If you follow Job’s journey of processing through all of his loss, he does indeed come back to the praise of God’s ways being above his own, and things in God’s realm being “things I did not understand, things too wonderful for me to know.” (Job 42:3) However, in the midst of Job’s moving from criticism of God, to a little self-righteousness, back to submission to God, we see Job begin to really grasp the intimate personality of a relationship with God. God cares for Job on a far deeper level than an “obey me and I will bless you” level. God wants Job to recognize the depth of His love. It isn’t a conditional love, it isn’t a love predicated on surplus, or smooth sailing. God is there through the thick and the thin, the pain and the trials, the loss as well as the gain. Without Job’s experience, he wouldn’t have known that. Things had always been good for Job.

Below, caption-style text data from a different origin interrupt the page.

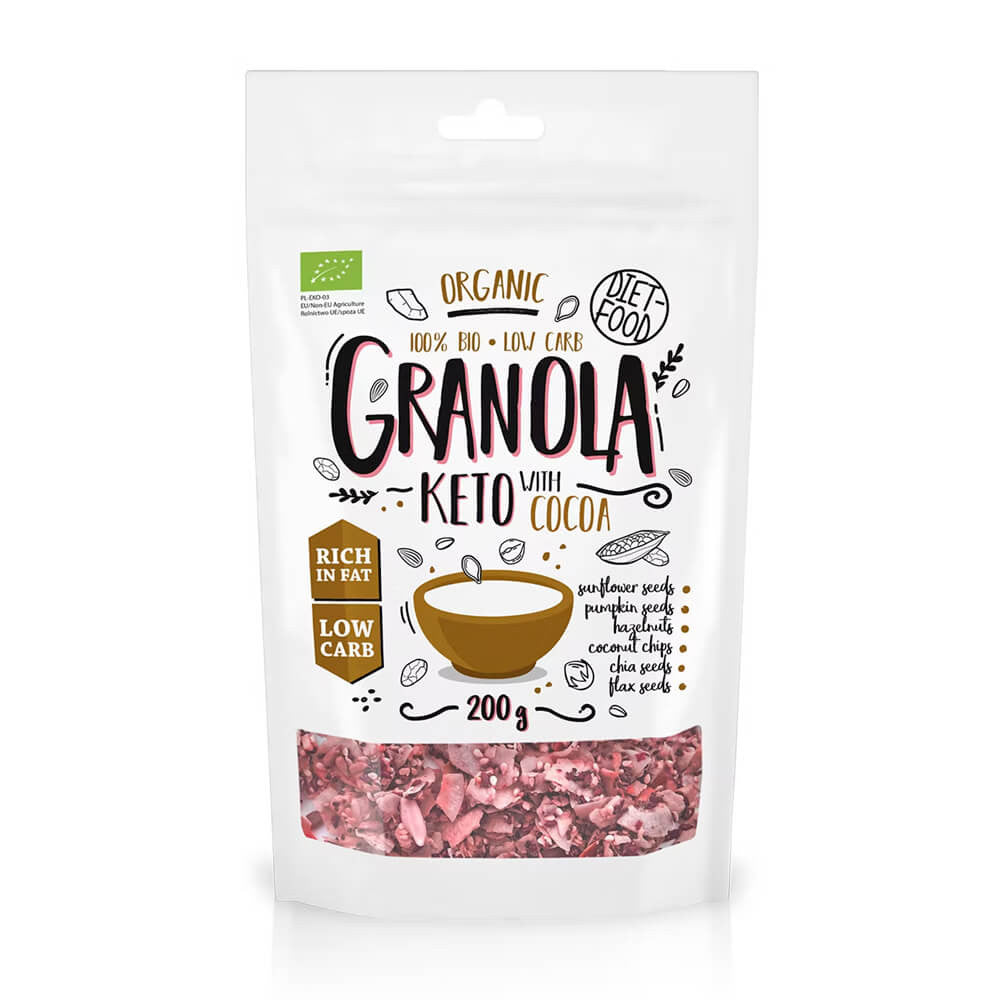 GRANOLA CACAO KETO - 200g - DIET-FOOD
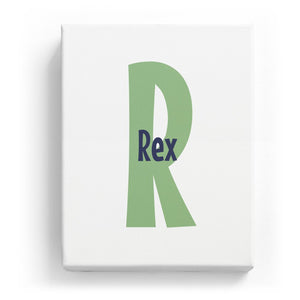 Rex Overlaid on R - Cartoony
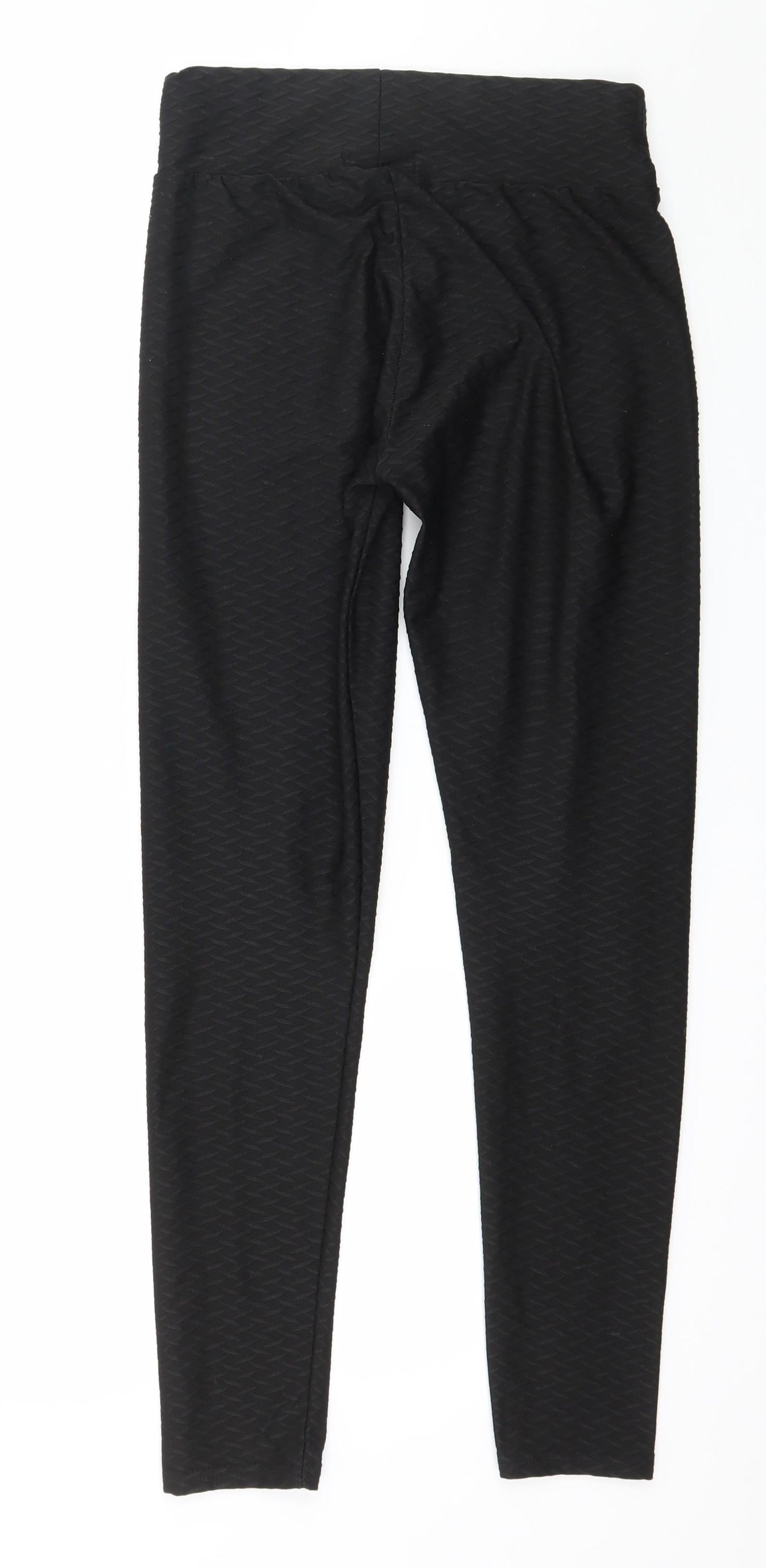 Cherry Koko Womens Black   Capri Leggings Size S L27 in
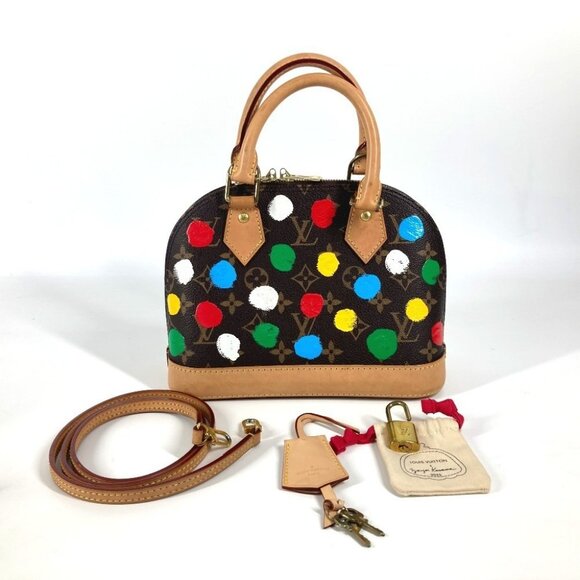 LOUIS VUITTON M46431 Painted Dots Yayoi Kusama Alma BB 2WAY Shoulder Hand Bag - Picture 1 of 16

Another lesson to take away is that loss in this world helps us remember that this world isn’t all there is. If we get so hung up on allowing the things of this world to fill our buckets, we don’t strive the way that we ought for the things beyond this world – all that Jesus promised us. He came to earth so that He could set us free from the earthly ties of sin, to launch us into the heavenly realms when we accept His payment for our imperfections. Heaven. Perfection. Total satisfaction and peace and joy.

Things in this world can bring incredible happiness. But they are temporary.

The apostle Paul stated: “But all these things that I once thought very worthwhile—now I’ve thrown them all away so that I can put my trust and hope in Christ alone. Yes, everything else is worthless when compared with the priceless gain of knowing Christ Jesus my Lord. I have put aside all else, counting it worth less than nothing, in order that I can have Christ”. (Philippians 3:7-8)

Jesus knows that we can get sucked in by the things in this world. But He gives us some beautiful pictures of heaven and the peace and joy that come with us to draw our thoughts upward. And one day, we will experience Him and those things in all of their fullness!